A sell-off in US Treasuries pushed yields to multi-year peaks yesterday as robust economic data and hawkish speeches by Federal Reserve officials stoked concerns about inflation, weighing on stock markets globally.

The yield on the benchmark 10-year note hit a high of 3.232 per cent following data released the previous day that was seen as increasing the odds a payrolls report due today would also be stronger than expected.

Stocks, in turn, have fallen broadly. The Dow Jones Industrial Average fell 212.4 points, or 0.79 per cent, to 26,615.99, the S&P 500 lost 20.51 points, or 0.70 per cent, to 2,905 and the Nasdaq Composite dropped 108.74 points, or 1.35 per cent, to 7,916.35.

The pan-European FTSEurofirst 300 index lost 0.99 per cent and MSCI's gauge of stocks across the globe gained 0.02 per cent.

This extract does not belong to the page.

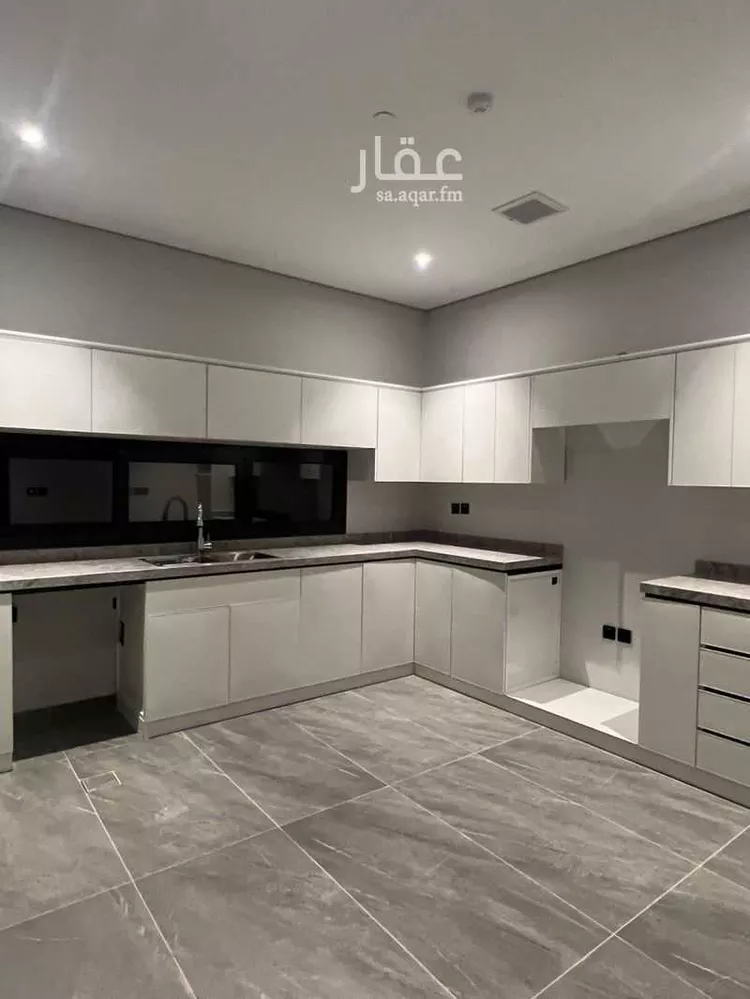 عمارة للإيجار في شارع طارق بن شهاب, حي العارض, مدينة الرياض, منطقة الرياض صورة 3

The surge in Treasury yields has also prompted a rise in government bond yields across the globe.

"We saw very large overnight volumes during both the Tokyo and London trading hours, which was a catch-up in foreign sovereign markets to the very large sell-off in US Treasuries yesterday," said Jon Hill, US rates strategist at BMO Capital Markets.

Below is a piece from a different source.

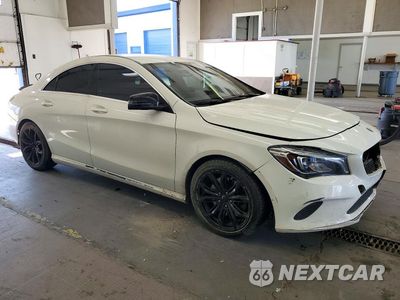 Czwarte zdjęcie samochodu z boku: 2018 MERCEDES-BENZ CLA 250 4MATIC VIN:WDDSJ4GB4JN574583 - miniatura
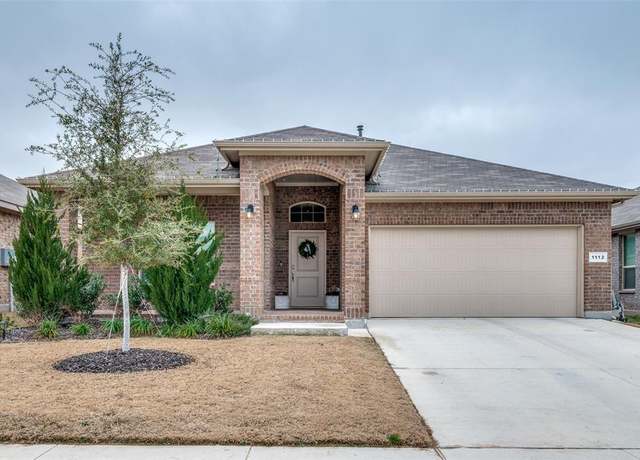 Property at 1112 Napier Way, Fort Worth, TX 76247, 4 beds, 2 baths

Eurozone bond yields rose sharply, tracking their US counterparts, while the ‘trans-Atlantic spread’ between United States and German 10-year bond yields hit a three-decade high of around 275 bps. The US dollar weakened against the euro but lingered near recent 11-month highs as investors digested US economic data and Powell's remarks.

The dollar index fell 0.06 per cent, with the euro up 0.28 per cent to $1.1508.

The exception of the day was Italy, where borrowing costs dropped for a second day after the government said it would cut budget deficit targets from 2020 and reduce its debt over the next three years.

Prime Minister Giuseppe Conte on Wednesday confirmed a deficit target of 2.4 per cent of gross domestic product in 2019 and said it would fall to 2.1 per cent in 2020 and 1.8 per cent in 2021.

The estimates for 2020 and 2021 were lower than those initially reported, bringing further relief to bond markets rattled by the new government's plans to ramp up spending.

Oil slipped but held near four-year highs, supported by the imminent loss of Iranian supply through US sanctions, but also tempered by the prospect of a rapid production increase from Saudi Arabia and Russia.

Brent crude futures fell 64 cents to $85.65 a barrel, a 0.7 per cent loss, by 11:44 a.m. EDT, having risen to a late 2014 high of $86.74 on Wednesday.

West Texas Intermediate (WTI) crude futures fell 93 cents to $75.48 a barrel, a 1.2 per cent loss.